Measuring the true cost of power production

13 April 2018

The social and environmental impacts of electricity provision affect individuals, economies and countries in ways that are not captured in market prices, but yet are too important to be neglected, according to a report issued today by the OECD Nuclear Energy Agency (NEA). Despite their importance, full accounting for these costs remains difficult, it says.

Belchtow coal mine and power plant (Image: Greenpeace Polska - Bogusz Bilewski)

The report - The Full Costs of Electricity Provision - is a collaborative effort by the NEA Division of Nuclear Technology Development and Economics, under the oversight of the Working Party of Nuclear Energy Economics.

"Market prices and production costs are important measures of the economics of electricity. However, over at least the past two decades, there has been a growing recognition that these values do not represent the whole story," the report says.

The document analyses plant-level production costs, grid-level system costs, climate change impacts, air pollution, the costs of major accidents, land-use change and natural resource depletion, and the security of energy and electricity supply. It also gives an overview assessment of security of energy supply indicators and considers employment generated in the electricity sector as well as the impact of energy innovation on economic performance and growth.

How to internalise?

 

"Once the different subsets of full costs receive the appropriate attention they deserve, well-understood instruments for internalisation can be applied," it says.

Chapter 1 presents the applied economics behind practical policy decisions, which continue to fall into three broad categories. These are price- and market-based measures; norms, standards and regulations; and information-based measures.

On the first category, the report says that in many circumstances "the simple application of a Pigouvian tax to any externality that can be identified is neither practicable nor desirable". Nevertheless, taxes, prices, subsidies, the allocation of property rights and the reduction of transaction costs are "key measures in the policy makers’ arsenal" to reflect the full costs of electricity provision, it adds.

Such instruments should be used in a "qualitative and predictable manner to steer electricity provision into the desired direction over the long term", the report says.

The second category are the "default measures of policy making", the report says, and have already been widely adopted. "They have the added advantage of leaving the pollution rent to the polluter. However, in the area of air pollution and greenhouse gas emissions in particular, a review and eventual tightening of emission standards seem warranted," it adds.

The third category is "at the heart of modern internalisation". Support for research and innovation belongs here, it says, as does taking part in the policy-making and rule-setting processes.

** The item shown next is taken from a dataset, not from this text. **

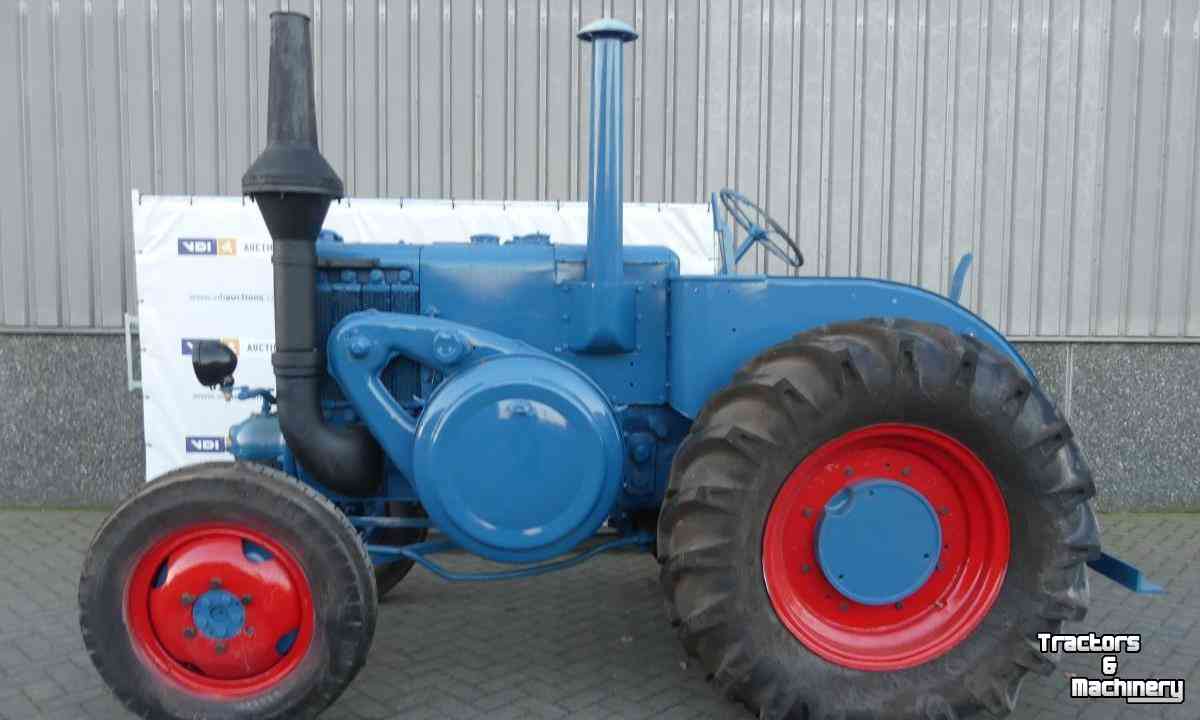 Oldtimers Lanz-Bulldog D 9506 Tractor Oldtimer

"When discussing full costs, one must underline the role, importance and responsibility of governments in this area. The gap between full costs and private, market-based costs is related to the inability of private actors to take into account all relevant information about welfare effects, as feedback mechanisms between private parties and appropriate incentive structures are lacking," the report says.

"Transaction costs is the catch-all term that economists have coined to refer to barriers to arrangements that, in principle, would be mutually advantageous since the gains of winners would be larger than the costs of losers. These transaction costs are not an unavoidable factor of economic life but can be dramatically reduced over time through both information and incentives," it adds.

The report is a "small pebble in what one would hope to see becoming over time a large and expressive mosaic", the report concludes.

"Disseminating and synthesising knowledge on some of the most salient features of the full costs of electricity provision is part of the process of arriving, through the progressive internalisation of social costs, at better policies and more sustainable electricity mixes," it says.